George Normand was born in Cupar on 5th July 1875, the second son of James and Christina Normand. He spent most of his life living in Provost Wynd, and attended Kirkgate School. He left, aged 14, and joined the Post Office as a telegraph messenger.
At 18, he was appointed rural postman, and his first round was from Cupar to Ceres, Craigrothie, Kame, Chance Inn and back to Cupar. This was on foot, and he covered almost 18 miles a day. He then spent 22 years on the Peat Inn run, first by pony and trap, then by bicycle. He carried on through great blizzards when he was nearly overcome by snow; and during the floods of July 8th 1916 he had to wade waist deep to reach the Post Office at Pitscottie, where the water was within half an inch of the counter top. He started work at 6 am, did four deliveries a day, and didn’t get home until 9 pm.

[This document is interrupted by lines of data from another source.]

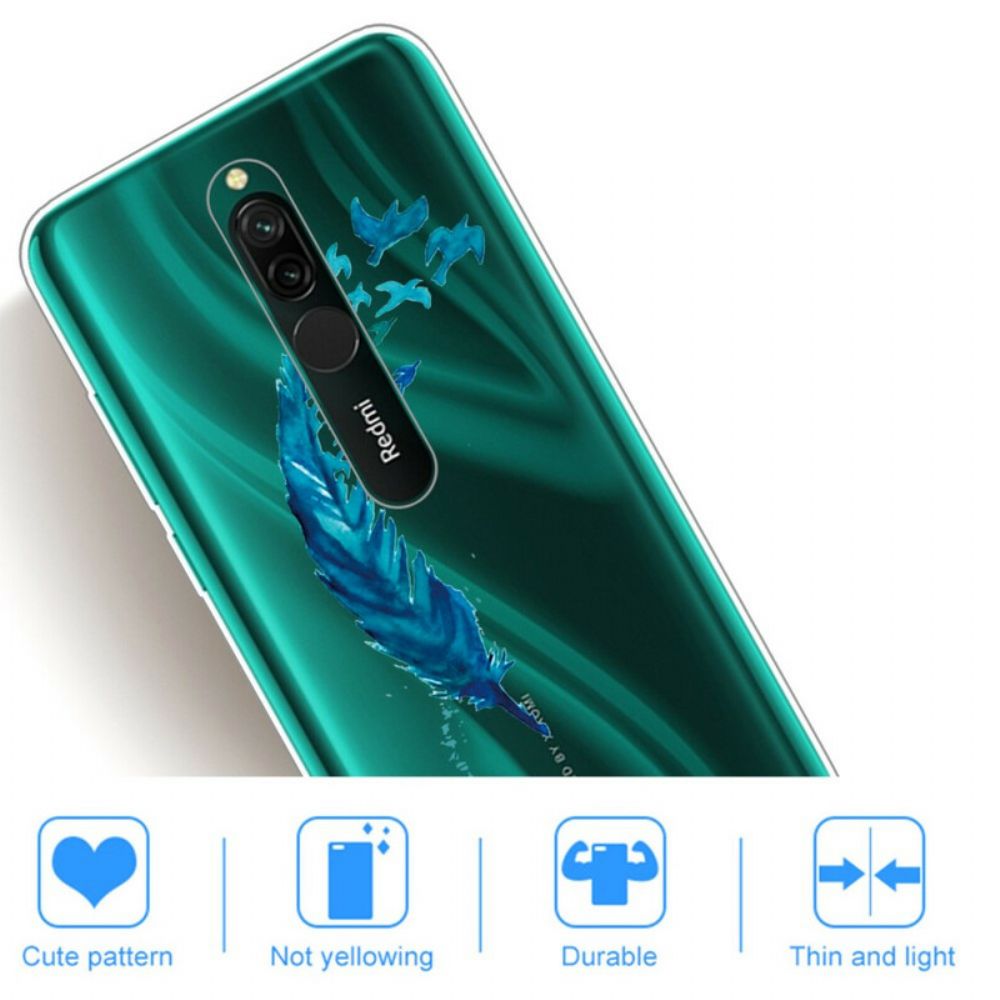 Hoesje voor Xiaomi Redmi 8 Mooie Blauwe Veer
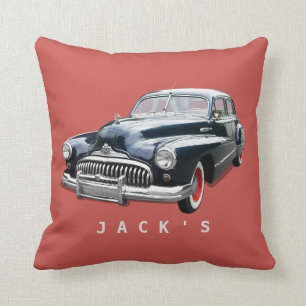 Vintage 1940s Black Buick Custom Throw Pillow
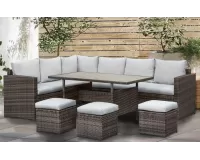 Brązowe narożne meble ogrodowe z technorattanu PALMARES ze stołem i pufami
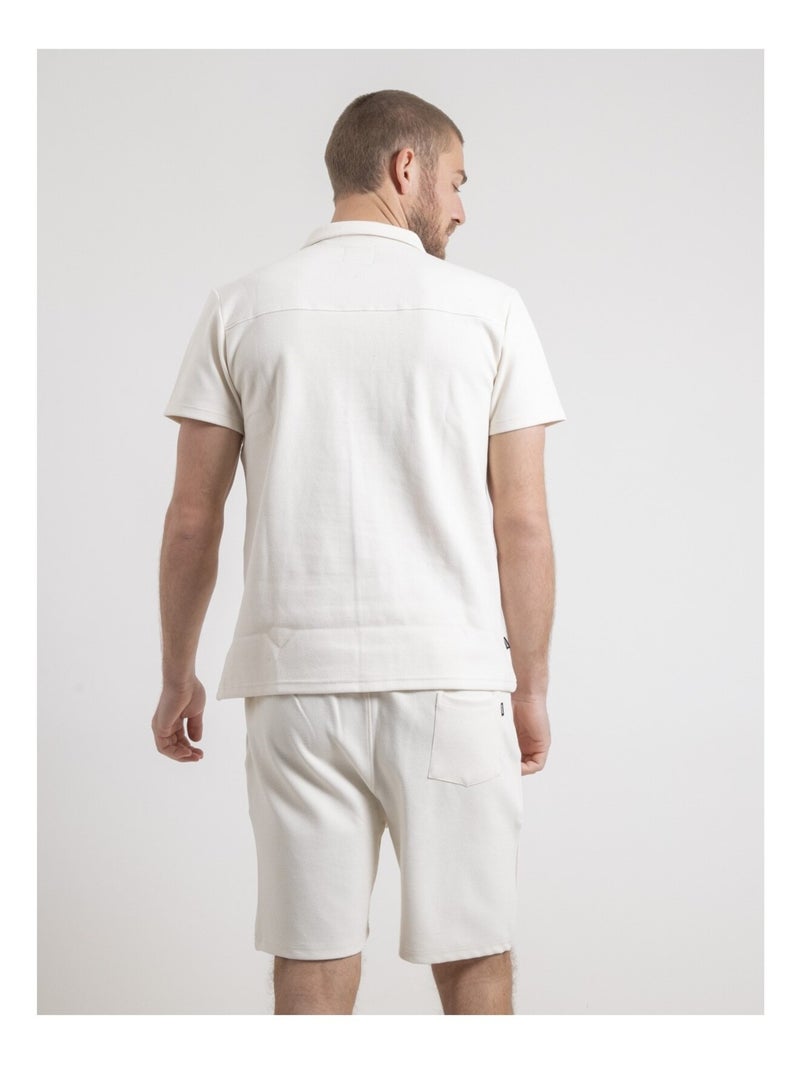 Chemise manches courtes maille coton datacuba Beige - Kiabi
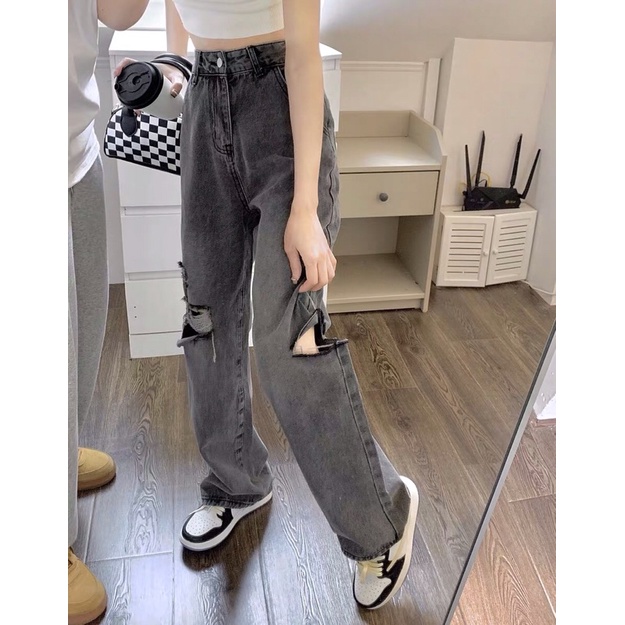 Quần jeans lưng cao quần bò ống rộng dài gần 100cm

He married Elizabeth in 1901, and they had three children – Grace, Elizabeth and George.
He joined the army in 1917, and served overseas in the Army Veterinary Corps – they liked to recruit men who worked with horses, and George had driven a trap on his postal round. He returned home in 1919, and was promoted to the position of supervising postman in Cupar. He remained in this job until his retiral in 1935, having completed 46 years’ service.
George served his community in other ways. He became an elder of the Kirk (Cupar Old) in 1912, and had a record of 64 years’ service. He was awarded both the King’s Silver Jubilee Medal and the Imperial Service Medal. He was also an Air Raid Warden in Cupar from 1938.
He died in his 102nd year, on 25th December 1976, Cupar’s oldest citizen. He came from a very long-lived family – his mother, aunt and sister all lived to be 100, and his eldest daughter, Grace, reached 101.
George Normand was an interesting man, with a fascinating history and life story (he remembered the night of the Tay Bridge Disaster). But his particular relevance to Cupar library and the Local Studies department is connected to his passion for photography. He took photographs of everything around him: people, places, events, animals (especially horses, and an elephant), and objects – famously an interesting egg, and a turnip growing through a pair of scissors.
He concentrated on the Howe and North East Fife, and took photos in Cupar and the surrounding villages.. There are pictures of castles and churches, shops and streets, floods, skaters and curlers, the Highland Show at Kinloss in 1912, Sunday school picnics, gymkhanas and hiring fairs.
There are images of soldiers and their equipment from the Boer War, First and Second World War.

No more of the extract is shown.